Last week I spent some time setting up Solango on my VPS to power full text search on this blog (so where is the full text search? that's a work in progress). I decided to go the Tomcat and Solr route, which ended up being a bit more painful than entirely necessary, largely because I was not knowledgeable about the Java server ecosystem.
If you're not concerned with optimal performance, I would not use these instructions, but would instead use the Jetty server that is packaged with Solr. The Solango tutorial explains how to do this, but you'll have to read to the very end to actually realize that. That said, if you want production performance and believe that Tomcat outperforms Jetty hype, read on.
This tutorial relies heavily on this tutorial on installing Solr on Ubuntu, as well as the Solango installation docs and Solango tutorial.
(This will not translate seamlessly to OS X.)
Install Java 6 if you don't have it already.
Following these instructions for Ubuntu, the process goes like this:
sudo emacs /etc/apt/sources.list
And add these settings:
deb http://za.archive.ubuntu.com/ubuntu/ intrepid main restricted
deb http://za.archive.ubuntu.com/ubuntu/ intrepid multiverse
Then update and do these installs.
sudo apt-get update
sudo apt-get install sun-java6-bin sun-java6-jre sun-java6-jdk
Next we need to install Tomcat and Solr. There are a couple of Ubuntu packages that purport to handle this for us,
sudo apt-get install solr-common solr-tomcat5.5
but I ran into some peculiar issues with the resulting installation and ended up with a different approach (this seems to be a common problem, rather than personal failure).
sudo apt-get install tomcat6
wget http://apache.osuosl.org/lucene/solr/1.3.0/apache-solr-1.3.0.tgz
tar -xzvf apache-solr-1.3.0.tgz
cd apache-solr-1.3.0/dist/
sudo cp apache-solr-1.3.0.war /var/lib/tomcat6/webapps/solr.war
cd ../example/
sudo cp -r solr /var/lib/tomcat6/solr
And let's do some permissioning.
cd /var/lib/tomcat6
sudo chgrp -R tomcat6 solr
sudo chmod -R 775 solr/
Finally we need to add a config file.
/var/lib/tomcat6/conf/Catalina/localhost
sudo emacs solr.xml
And add these settings.
<Context docBase="/var/lib/tomcat6/webapps/solr.war" debug="0" crossContext="true" >
<Environment name="solr/home" type="java.lang.String" value="/var/lib/tomcat6/solr" override="true" />
</Context>
And adjust its permissions.
sudo chgrp tomcat6 solr.xml
sudo chmod 775 solr.xml
And some magic (from here).
sudo /etc/init.d/tomcat6 stop
sudo cp -R /var/lib/tomcat6/conf /usr/share/tomcat6/
sudo cp -R /var/lib/tomcat6/temp /usr/share/tomcat6/
cd /usr/share/tomcat6
sudo ln -s /var/cache/tomcat6 work
sudo mkdir /usr/share/tomcat6/logs
sudo bin/shutdown.sh
sudo bin/startup.sh
Don't even ask me why this is necessary.
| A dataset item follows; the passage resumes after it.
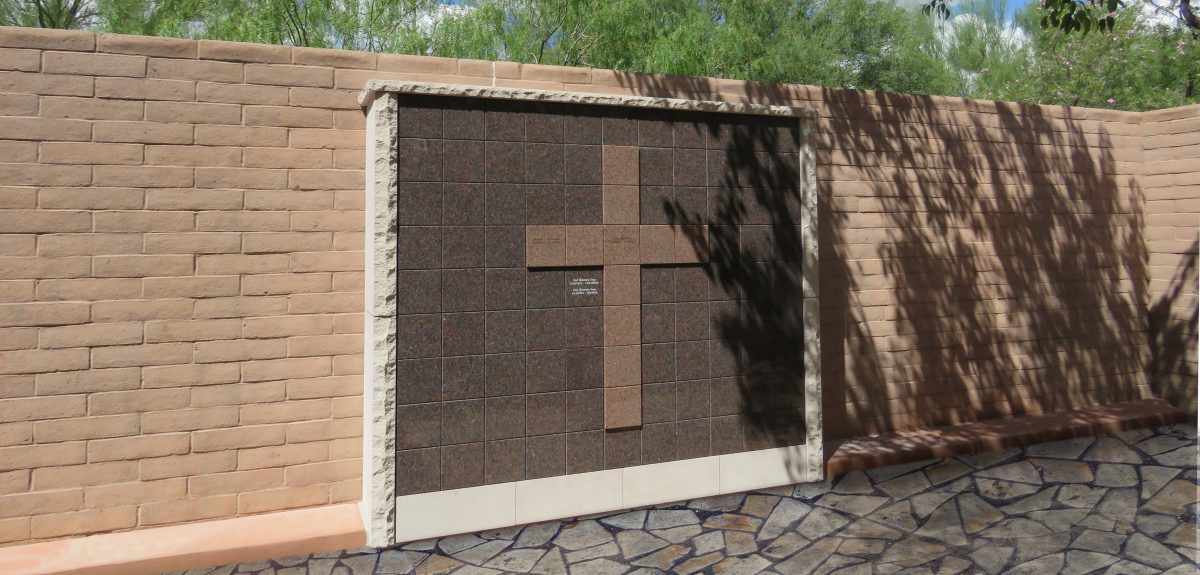 Exterior Custom Wall Columbaria Raised Cross - Church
Upon completing this step (and getting Solr to stop erroring) I have lost faith in far greater things than these instructions.
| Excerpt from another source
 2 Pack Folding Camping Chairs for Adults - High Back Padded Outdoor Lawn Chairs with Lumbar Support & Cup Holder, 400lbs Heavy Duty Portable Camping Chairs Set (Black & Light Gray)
(editor's note: I might having an off day when I wrote this... but these instruction do work).
As a sanity check, let's stop and start Tomcat.
sudo /etc/init.d/tomcat6 stop
sudo /etc/init.d/tomcat6 start
Now go to http://255.255.255.255:8080/solr/admin
(replacing 255.255.255.255
with your server's IP)
and you should see the solr admin screen. If you do,
then you have successfully installed Solr.
The last step of our configuration is that we probably
don't want Solr to be accessible to just anyone, so
we'll rebind it to only be accessible on localhost:8080
instead of *:8080
.
Open up tomcat/conf/server.xml
.
sudo emacs /usr/share/tomcat6/conf/server.xml
Search for Engine name="Catalina"
(it's at line 101),
and add this line beneath it:
<Valve className="org.apache.catalina.valves.RemoteAddrValve" allow="127.0.0.1,0:0:0:0:0:0:0:1%0,::1" />
For good measure, let's copy these changes back to the Tomcat
directories in /var/lib/tomcat6/
.
sudo cp -r /usr/share/tomcat6/conf /var/lib/tomcat6/
Then restart Tomcat.
sudo /usr/share/tomcat6bin/shutdown.sh
sudo /usr/share/tomcat6bin/startup.sh
And verify that Tomcat isn't externally accessible:
curl http://lethain.com:8080/solr/admin/
And also that it is internally accessible:
curl http://127.0.0.1:8080/solr/
And now we're done with that.
Retrieve Solango source from SVN.
cd ~/libs/
svn checkout http://django-solr-search.googlecode.com/svn/trunk/ django-solr-search
Add Solango to your Python path.
cd django-solr-search
ln -s `pwd`/solango /usr/lib/python2.5/site-packages/solango
Copy the solango/inital_settings.py
file into your project
folder and rename it as solr_settings.py
.
cp solango/initial_settings.py ~/git/blog/solr_settings.py
Add Solango to your project's INSTALLED_APPS
setting
in its settings.py
file.
INSTALLED_APPS = (
'lifeflow',
'compress',
'portfolio',
'solango', # <-- like this
'django_monetize',
'...',
)
At the end of your settings.py
file, but before
importing local_settings.py
(if you do so),
import everything from solr_settings
.
try:
from solr_settings import *
except ImportError:
pass
try:
from local_settings import *
except ImportError:
pass
Next create a search.py
file for your Django apps that you
want to be searchable. The LifeFlow search.py
looks like
this:
import solango
from lifeflow.models import Comment, Entry
class EntryDocument(solango.SearchDocument):
date = solango.fields.DateField()
summary = solango.fields.TextField(copy=True)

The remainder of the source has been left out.